2. In the LINEST dialog box for known_ys, click the go to worksheet icon and select the known y values, Enter.

3. In the LINEST dialog box for known_xs, click the go to worksheet icon and select the known x values, Enter.

4. In the LINEST dialog box for Const, type 1, then tab to the Stats box and type 1, then do not click the enter button but rather type CTRL+SHIFT+ENTER. If, by mistake, you hit only ENTER, type F2 (formula edit), then CTRL + SHIFT + ENTER.

[pic]

SE(y) is short for ‘Standard Error’ of the y-values.

Explain the meaning of SE(y), i.e., how is it derived?

How can you use it?

REGRESSION USING DATA ANALYSIS IN TOOL PAK:

1. Arrange the data in columns with the x variable on the left and the y variable on the right. Make space for the results of the regression analysis to the right of the data. Allow a 16R(7C array of space.

2. Choose Data Analysis from the Tools menu; if the Data Analysis command is not present in the Tools menu, you must use the Add-Ins command in the Tools menu to install it.
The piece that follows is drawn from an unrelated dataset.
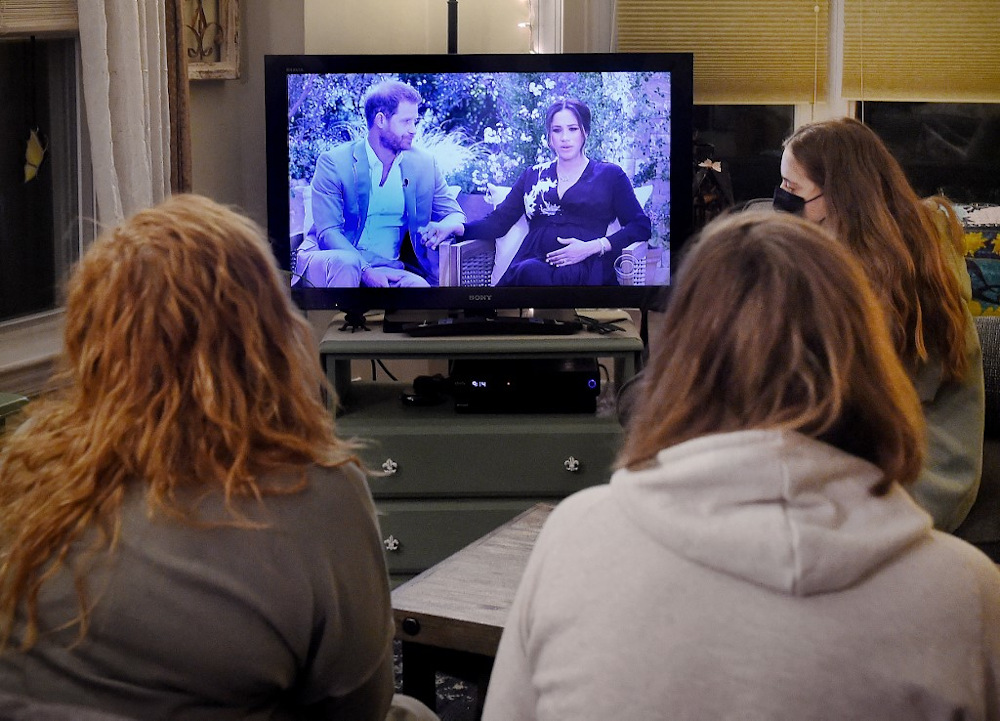This photo illustration shows people wearing face masks, watch a televised conversation between Britainu00e2u20acu2122s Prince Harry with his wife Meghan Markle and US host Oprah Winfrey, in Arlington, Virginia March 7, 2021. u00e2u20acu201d AFP pic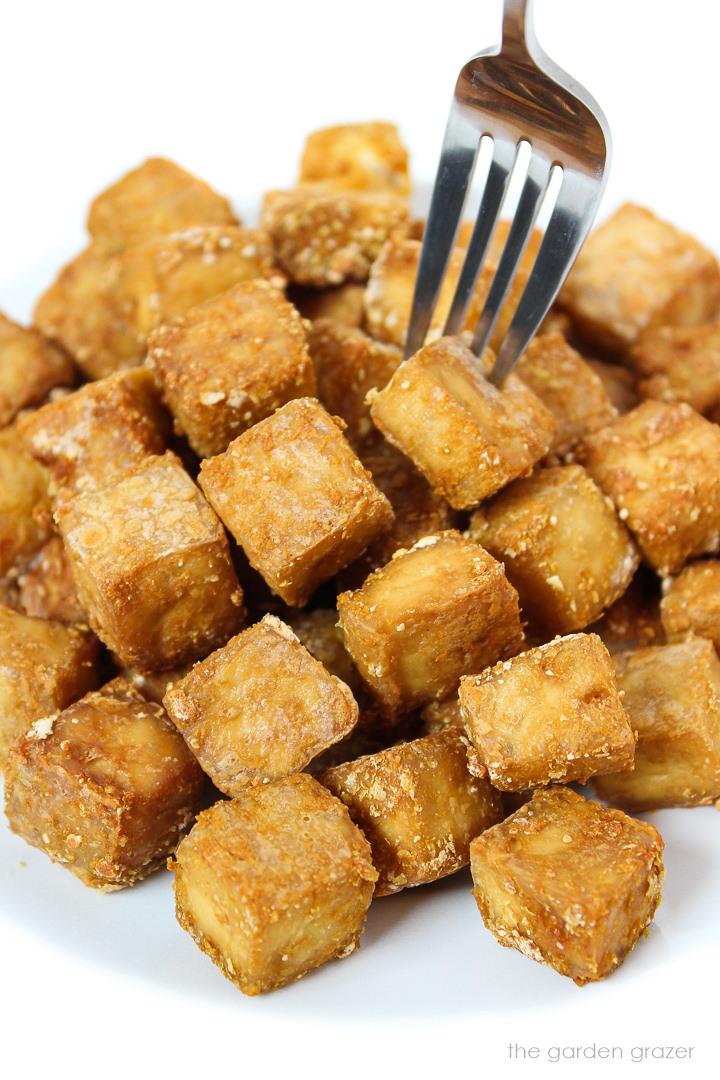 Crispy baked oil-free tofu cubes on a plate with fork piercing one cube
3. After choosing Data Analysis, choose Regression, OK from the Analysis Tools list box. The Regression dialog box will prompt you to enter the range of dependent variables (y). Enter your data label along with the data.

4. Tab to the ‘Input X_Range box and enter the range of independent variables (x) along with its label.

5. Select the Labels box because we have included the labels with the data ranges

6. Select ‘Constant is zero’ only if you want to force the regression line through the origin (0,0).

7. Confidence Level: Excel automatically includes 95% confidence intervals for the regression coefficients.

8. Output location: Click the Output Range button. Click to select the range edit box on its right, and point to or type a reference for the top left corner cell of the array where the output summary will appear.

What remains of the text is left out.